Start of RECORDS PROVIDED

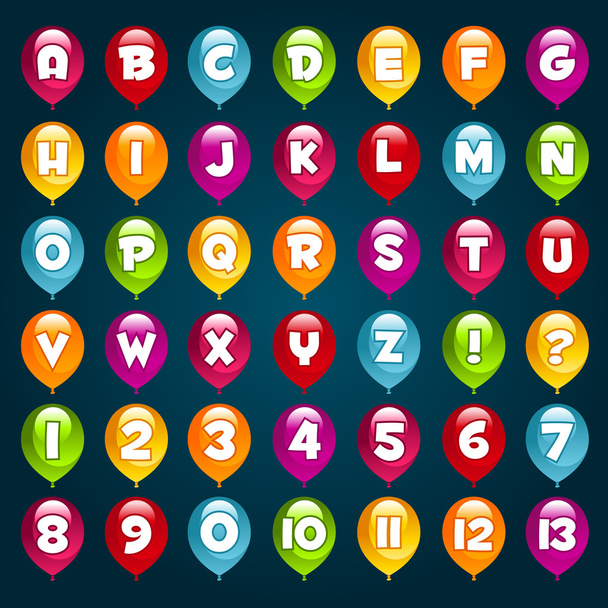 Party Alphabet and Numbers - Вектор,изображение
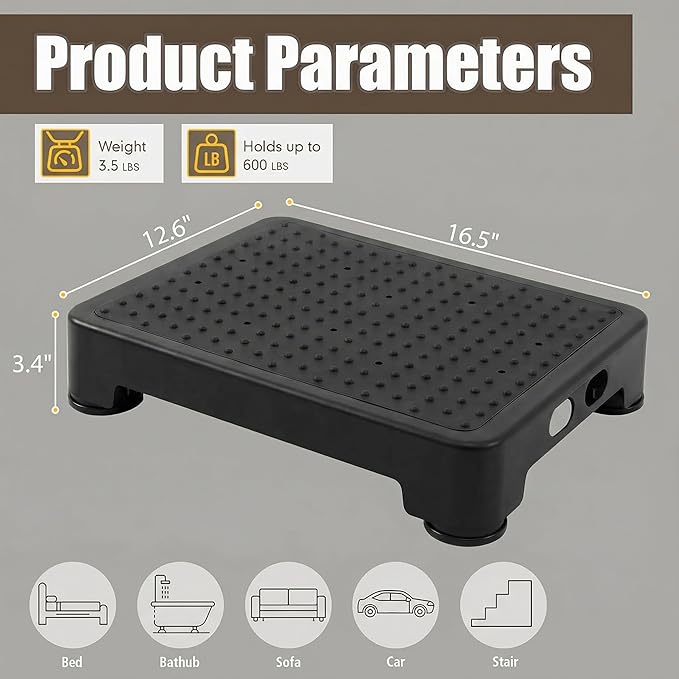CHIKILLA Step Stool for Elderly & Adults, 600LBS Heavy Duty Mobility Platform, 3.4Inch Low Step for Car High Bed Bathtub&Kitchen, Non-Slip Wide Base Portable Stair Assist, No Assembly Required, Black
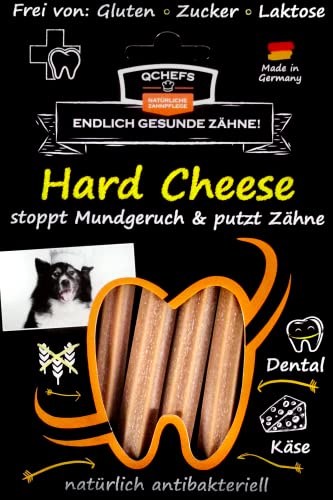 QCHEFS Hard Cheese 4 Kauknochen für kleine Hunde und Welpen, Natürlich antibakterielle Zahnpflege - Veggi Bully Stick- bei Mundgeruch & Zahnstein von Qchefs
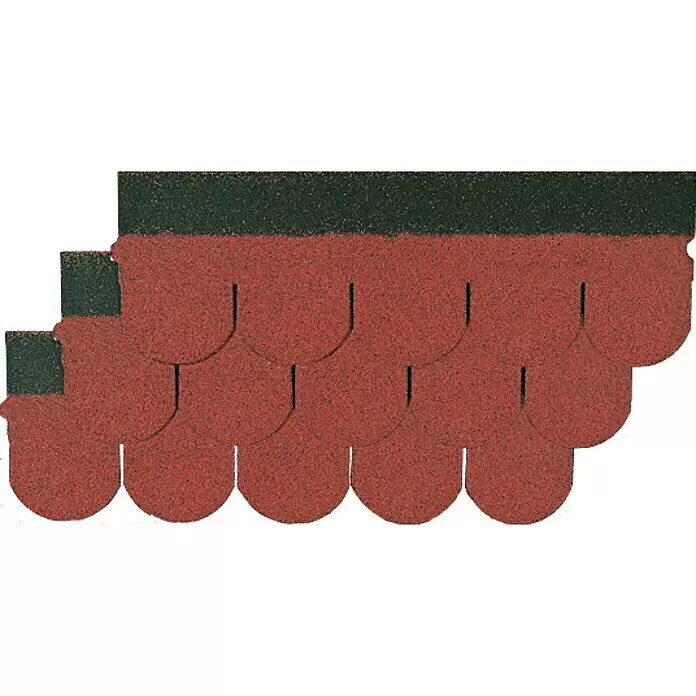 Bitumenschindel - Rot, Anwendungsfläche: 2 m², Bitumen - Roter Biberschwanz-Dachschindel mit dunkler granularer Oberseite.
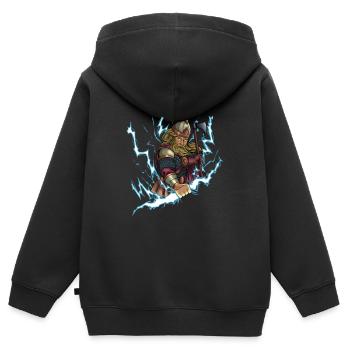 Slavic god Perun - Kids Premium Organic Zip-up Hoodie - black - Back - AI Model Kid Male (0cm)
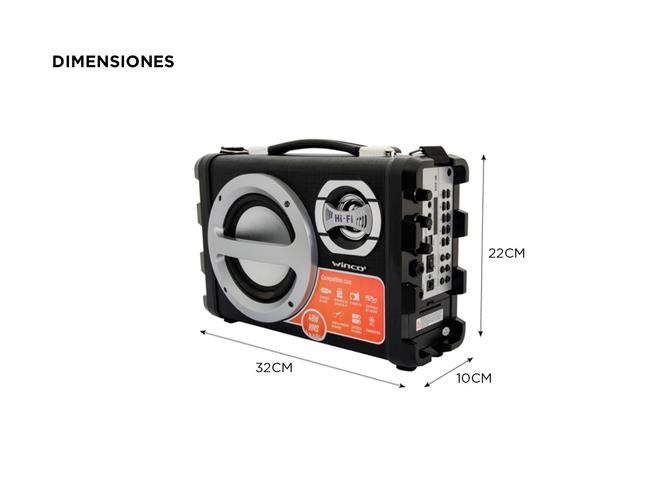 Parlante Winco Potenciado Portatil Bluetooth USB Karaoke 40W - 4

End of RECORDS PROVIDED

* PROBLEM REQUIREMENTS: Up to and including the line that holds "QCHEFS Hard Cheese", restate word for word each line of the records from their start, and only those lines, leaving out the pictures.

* RESULT OF THIS EXERCISE:
 Party Alphabet and Numbers - Вектор,изображение
CHIKILLA Step Stool for Elderly & Adults, 600LBS Heavy Duty Mobility Platform, 3.4Inch Low Step for Car High Bed Bathtub&Kitchen, Non-Slip Wide Base Portable Stair Assist, No Assembly Required, Black
 QCHEFS Hard Cheese 4 Kauknochen für kleine Hunde und Welpen, Natürlich antibakterielle Zahnpflege - Veggi Bully Stick- bei Mundgeruch & Zahnstein von Qchefs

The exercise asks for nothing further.